The property tax relief for seniors also serves a useful purpose as a smokescreen for other, larger and less politically attractive measures.
Corporate tax rate cuts reannounced in this budget will cost Ontario an additional $2.6 billion a year by the time the phase-in period is complete. That cost isn't accounted for in any budget documents.
The elimination of the capital tax on corporations in this budget will eventually cost Ontario $1.1 billion, when the phase-out period is complete. In this year's budget, they show a cost of only $3 million.
The phase-out of the surtaxes on higher-income taxpayers will cost more than $3.1 billion in 2003-4 dollars, 94% of which will go to the 5% of taxpayers who report incomes above $100,000. Only $105 million of that cost is accounted for in budget documents.
The government's renewed commitment to the tax credit for private school education will add a total of $240 million to the cost of the first step of $60 million, for a total cost of $300 million.
In what is otherwise a dismal budget document, however, there is some humour, albeit unconscious.

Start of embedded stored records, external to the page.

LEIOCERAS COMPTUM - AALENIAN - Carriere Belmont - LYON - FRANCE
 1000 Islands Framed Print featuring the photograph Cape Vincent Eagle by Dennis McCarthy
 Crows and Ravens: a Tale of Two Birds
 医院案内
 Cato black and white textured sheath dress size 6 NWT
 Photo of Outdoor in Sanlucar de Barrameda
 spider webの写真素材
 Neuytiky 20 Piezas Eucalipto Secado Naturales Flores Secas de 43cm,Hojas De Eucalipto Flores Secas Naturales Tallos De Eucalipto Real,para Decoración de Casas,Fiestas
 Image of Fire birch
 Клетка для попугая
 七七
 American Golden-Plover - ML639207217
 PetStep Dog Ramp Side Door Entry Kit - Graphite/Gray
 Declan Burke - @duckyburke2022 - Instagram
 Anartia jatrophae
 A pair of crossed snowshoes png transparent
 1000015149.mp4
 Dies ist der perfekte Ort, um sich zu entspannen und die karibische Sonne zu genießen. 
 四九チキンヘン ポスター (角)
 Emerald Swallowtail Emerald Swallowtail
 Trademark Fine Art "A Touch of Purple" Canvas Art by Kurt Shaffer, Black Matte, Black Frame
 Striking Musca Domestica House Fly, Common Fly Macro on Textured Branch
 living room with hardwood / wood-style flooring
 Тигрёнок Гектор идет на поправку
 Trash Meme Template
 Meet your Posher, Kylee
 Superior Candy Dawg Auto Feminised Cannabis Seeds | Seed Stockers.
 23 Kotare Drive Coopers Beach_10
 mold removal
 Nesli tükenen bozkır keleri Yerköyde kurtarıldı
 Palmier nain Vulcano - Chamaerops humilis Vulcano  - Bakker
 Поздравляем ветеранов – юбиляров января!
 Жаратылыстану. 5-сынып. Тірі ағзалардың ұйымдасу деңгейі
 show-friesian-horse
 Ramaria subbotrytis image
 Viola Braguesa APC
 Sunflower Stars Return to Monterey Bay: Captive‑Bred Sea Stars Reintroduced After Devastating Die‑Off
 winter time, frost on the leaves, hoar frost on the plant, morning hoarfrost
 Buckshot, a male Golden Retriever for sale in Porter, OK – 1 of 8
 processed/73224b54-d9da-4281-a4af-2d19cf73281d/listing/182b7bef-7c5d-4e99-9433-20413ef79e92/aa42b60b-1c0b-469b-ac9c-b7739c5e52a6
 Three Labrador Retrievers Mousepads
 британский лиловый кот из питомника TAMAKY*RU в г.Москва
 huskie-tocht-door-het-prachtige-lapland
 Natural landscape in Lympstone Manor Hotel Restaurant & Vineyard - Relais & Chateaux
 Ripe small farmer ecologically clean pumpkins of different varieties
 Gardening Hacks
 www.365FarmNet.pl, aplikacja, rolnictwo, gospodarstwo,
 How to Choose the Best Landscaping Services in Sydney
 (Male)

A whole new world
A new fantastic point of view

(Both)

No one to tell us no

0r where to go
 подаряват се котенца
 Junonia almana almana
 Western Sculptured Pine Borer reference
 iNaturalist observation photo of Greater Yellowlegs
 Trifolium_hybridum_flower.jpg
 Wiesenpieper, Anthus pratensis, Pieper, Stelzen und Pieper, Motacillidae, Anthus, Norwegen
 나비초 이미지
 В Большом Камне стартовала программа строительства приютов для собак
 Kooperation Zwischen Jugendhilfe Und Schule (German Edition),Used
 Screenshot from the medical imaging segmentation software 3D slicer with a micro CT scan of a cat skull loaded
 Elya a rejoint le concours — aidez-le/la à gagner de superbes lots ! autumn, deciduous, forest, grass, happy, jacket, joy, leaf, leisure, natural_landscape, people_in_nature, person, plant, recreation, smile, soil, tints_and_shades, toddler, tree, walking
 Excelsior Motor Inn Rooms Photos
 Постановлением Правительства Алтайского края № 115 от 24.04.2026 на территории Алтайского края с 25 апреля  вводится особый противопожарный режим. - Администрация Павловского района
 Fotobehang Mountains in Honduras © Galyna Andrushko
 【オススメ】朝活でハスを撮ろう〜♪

On page 4 of the budget speech, the Minister of Finance proudly declares that it has eliminated corporate welfare. And at the same time, she is taking credit for billions of dollars in tax give-aways for corporations and confirming another $3 billion in corporate tax rate cuts and another $1.2 billion in new corporate tax cuts.
The Government talks proudly about its fifth consecutive balanced budget. But on its own numbers, last year's budget was only balanced by taking $1 billion in Federal health money and using it to shore up a budget pushed into deficit by the failed sale of Hydro One. And this year's budget is only balanced by selling off another $2.2 billion in public assets.
But there's a broader set of questions that need to be asked.
How can a budget be called balanced, when it sets up the elementary and secondary education system to drift further into crisis?
How can a budget be called balanced, when it does absolutely nothing for housing?
How can a budget be called balanced, when it drives Ontario's least advantaged citizens deeper into poverty by refusing to increase social assistance rates that are 21.6% below where they were in 1994?
How can a budget be called balanced when in the face of an unprecedented financial crisis in our largest urban areas, the only new measure announced is the purchase of a new helicopter for the Toronto police?
How can a budget be called balanced, when it foretells billions of dollars in tax relief for corporations and the highest-income of Ontarians and does nothing at all for the least advantaged of our society. And how can you call a budget balanced that takes money intended for health, and uses it to generate a phony budget surplus.
When Ernie Eves took the budget out of the legislature, he promised us "vox populi". What we clearly got was Magna vox.